## What you have to do
All of the data below needs to be set down once more, exactly as written.

## The records
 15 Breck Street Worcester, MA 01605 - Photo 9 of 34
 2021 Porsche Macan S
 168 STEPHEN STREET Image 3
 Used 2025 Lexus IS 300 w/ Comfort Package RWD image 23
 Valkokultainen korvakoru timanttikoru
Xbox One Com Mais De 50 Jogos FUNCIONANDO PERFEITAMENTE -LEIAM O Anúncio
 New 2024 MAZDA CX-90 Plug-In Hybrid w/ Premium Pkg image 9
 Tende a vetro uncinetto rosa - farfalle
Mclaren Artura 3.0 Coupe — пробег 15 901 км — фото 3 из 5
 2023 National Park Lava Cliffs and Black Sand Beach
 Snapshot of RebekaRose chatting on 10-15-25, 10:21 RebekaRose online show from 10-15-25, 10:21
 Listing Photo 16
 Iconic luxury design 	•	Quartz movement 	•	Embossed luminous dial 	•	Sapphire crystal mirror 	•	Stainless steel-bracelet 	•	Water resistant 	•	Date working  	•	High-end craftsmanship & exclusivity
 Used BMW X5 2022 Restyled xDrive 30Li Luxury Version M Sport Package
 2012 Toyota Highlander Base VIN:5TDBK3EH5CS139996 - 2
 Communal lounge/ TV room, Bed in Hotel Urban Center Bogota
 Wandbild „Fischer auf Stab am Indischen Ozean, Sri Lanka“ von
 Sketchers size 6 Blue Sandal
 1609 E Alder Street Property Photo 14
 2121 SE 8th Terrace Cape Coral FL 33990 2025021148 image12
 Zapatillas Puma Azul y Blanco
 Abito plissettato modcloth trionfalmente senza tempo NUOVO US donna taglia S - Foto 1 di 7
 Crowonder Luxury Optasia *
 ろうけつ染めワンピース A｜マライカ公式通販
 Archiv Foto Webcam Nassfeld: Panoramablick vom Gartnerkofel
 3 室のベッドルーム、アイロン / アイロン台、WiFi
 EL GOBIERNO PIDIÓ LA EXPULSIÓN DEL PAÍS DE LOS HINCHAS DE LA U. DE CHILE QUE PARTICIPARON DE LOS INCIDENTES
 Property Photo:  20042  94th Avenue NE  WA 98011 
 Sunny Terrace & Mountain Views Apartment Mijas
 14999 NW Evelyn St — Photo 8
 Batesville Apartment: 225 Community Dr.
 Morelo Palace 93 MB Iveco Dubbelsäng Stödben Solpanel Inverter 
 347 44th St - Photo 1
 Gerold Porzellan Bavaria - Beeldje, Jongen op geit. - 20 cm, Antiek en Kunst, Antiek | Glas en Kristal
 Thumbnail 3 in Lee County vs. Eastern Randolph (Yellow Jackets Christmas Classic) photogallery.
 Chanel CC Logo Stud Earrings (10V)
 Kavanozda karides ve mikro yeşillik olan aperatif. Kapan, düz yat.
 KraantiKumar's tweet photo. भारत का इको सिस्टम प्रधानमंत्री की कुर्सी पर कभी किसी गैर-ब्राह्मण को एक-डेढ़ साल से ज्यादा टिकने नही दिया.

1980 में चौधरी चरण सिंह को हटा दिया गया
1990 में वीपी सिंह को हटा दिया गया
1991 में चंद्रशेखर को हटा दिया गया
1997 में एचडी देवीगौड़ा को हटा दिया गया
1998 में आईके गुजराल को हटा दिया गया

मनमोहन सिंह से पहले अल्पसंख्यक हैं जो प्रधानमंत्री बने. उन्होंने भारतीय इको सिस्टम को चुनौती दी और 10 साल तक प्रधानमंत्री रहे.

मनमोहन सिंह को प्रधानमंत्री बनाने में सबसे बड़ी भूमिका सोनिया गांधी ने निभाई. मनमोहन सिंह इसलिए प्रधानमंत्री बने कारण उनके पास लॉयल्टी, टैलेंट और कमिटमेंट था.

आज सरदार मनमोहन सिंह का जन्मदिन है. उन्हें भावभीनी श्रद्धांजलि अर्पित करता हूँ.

## Answer for the task
 15 Breck Street Worcester, MA 01605 - Photo 9 of 34
 2021 Porsche Macan S
 168 STEPHEN STREET Image 3
 Used 2025 Lexus IS 300 w/ Comfort Package RWD image 23
 Valkokultainen korvakoru timanttikoru
Xbox One Com Mais De 50 Jogos FUNCIONANDO PERFEITAMENTE -LEIAM O Anúncio
 New 2024 MAZDA CX-90 Plug-In Hybrid w/ Premium Pkg image 9
 Tende a vetro uncinetto rosa - farfalle
Mclaren Artura 3.0 Coupe — пробег 15 901 км — фото 3 из 5
 2023 National Park Lava Cliffs and Black Sand Beach
 Snapshot of RebekaRose chatting on 10-15-25, 10:21 RebekaRose online show from 10-15-25, 10:21
 Listing Photo 16
 Iconic luxury design 	•	Quartz movement 	•	Embossed luminous dial 	•	Sapphire crystal mirror 	•	Stainless steel-bracelet 	•	Water resistant 	•	Date working  	•	High-end craftsmanship & exclusivity
 Used BMW X5 2022 Restyled xDrive 30Li Luxury Version M Sport Package
 2012 Toyota Highlander Base VIN:5TDBK3EH5CS139996 - 2
 Communal lounge/ TV room, Bed in Hotel Urban Center Bogota
 Wandbild „Fischer auf Stab am Indischen Ozean, Sri Lanka“ von
 Sketchers size 6 Blue Sandal
 1609 E Alder Street Property Photo 14
 2121 SE 8th Terrace Cape Coral FL 33990 2025021148 image12
 Zapatillas Puma Azul y Blanco
 Abito plissettato modcloth trionfalmente senza tempo NUOVO US donna taglia S - Foto 1 di 7
 Crowonder Luxury Optasia *
 ろうけつ染めワンピース A｜マライカ公式通販
 Archiv Foto Webcam Nassfeld: Panoramablick vom Gartnerkofel
 3 室のベッドルーム、アイロン / アイロン台、WiFi
 EL GOBIERNO PIDIÓ LA EXPULSIÓN DEL PAÍS DE LOS HINCHAS DE LA U. DE CHILE QUE PARTICIPARON DE LOS INCIDENTES
 Property Photo:  20042  94th Avenue NE  WA 98011 
 Sunny Terrace & Mountain Views Apartment Mijas
 14999 NW Evelyn St — Photo 8
 Batesville Apartment: 225 Community Dr.
 Morelo Palace 93 MB Iveco Dubbelsäng Stödben Solpanel Inverter 
 347 44th St - Photo 1
 Gerold Porzellan Bavaria - Beeldje, Jongen op geit. - 20 cm, Antiek en Kunst, Antiek | Glas en Kristal
 Thumbnail 3 in Lee County vs. Eastern Randolph (Yellow Jackets Christmas Classic) photogallery.
 Chanel CC Logo Stud Earrings (10V)
 Kavanozda karides ve mikro yeşillik olan aperatif. Kapan, düz yat.
 KraantiKumar's tweet photo. भारत का इको सिस्टम प्रधानमंत्री की कुर्सी पर कभी किसी गैर-ब्राह्मण को एक-डेढ़ साल से ज्यादा टिकने नही दिया.

1980 में चौधरी चरण सिंह को हटा दिया गया
1990 में वीपी सिंह को हटा दिया गया
1991 में चंद्रशेखर को हटा दिया गया
1997 में एचडी देवीगौड़ा को हटा दिया गया
1998 में आईके गुजराल को हटा दिया गया

मनमोहन सिंह से पहले अल्पसंख्यक हैं जो प्रधानमंत्री बने. उन्होंने भारतीय इको सिस्टम को चुनौती दी और 10 साल तक प्रधानमंत्री रहे.

मनमोहन सिंह को प्रधानमंत्री बनाने में सबसे बड़ी भूमिका सोनिया गांधी ने निभाई. मनमोहन सिंह इसलिए प्रधानमंत्री बने कारण उनके पास लॉयल्टी, टैलेंट और कमिटमेंट था.

आज सरदार मनमोहन सिंह का जन्मदिन है. उन्हें भावभीनी श्रद्धांजलि अर्पित करता हूँ.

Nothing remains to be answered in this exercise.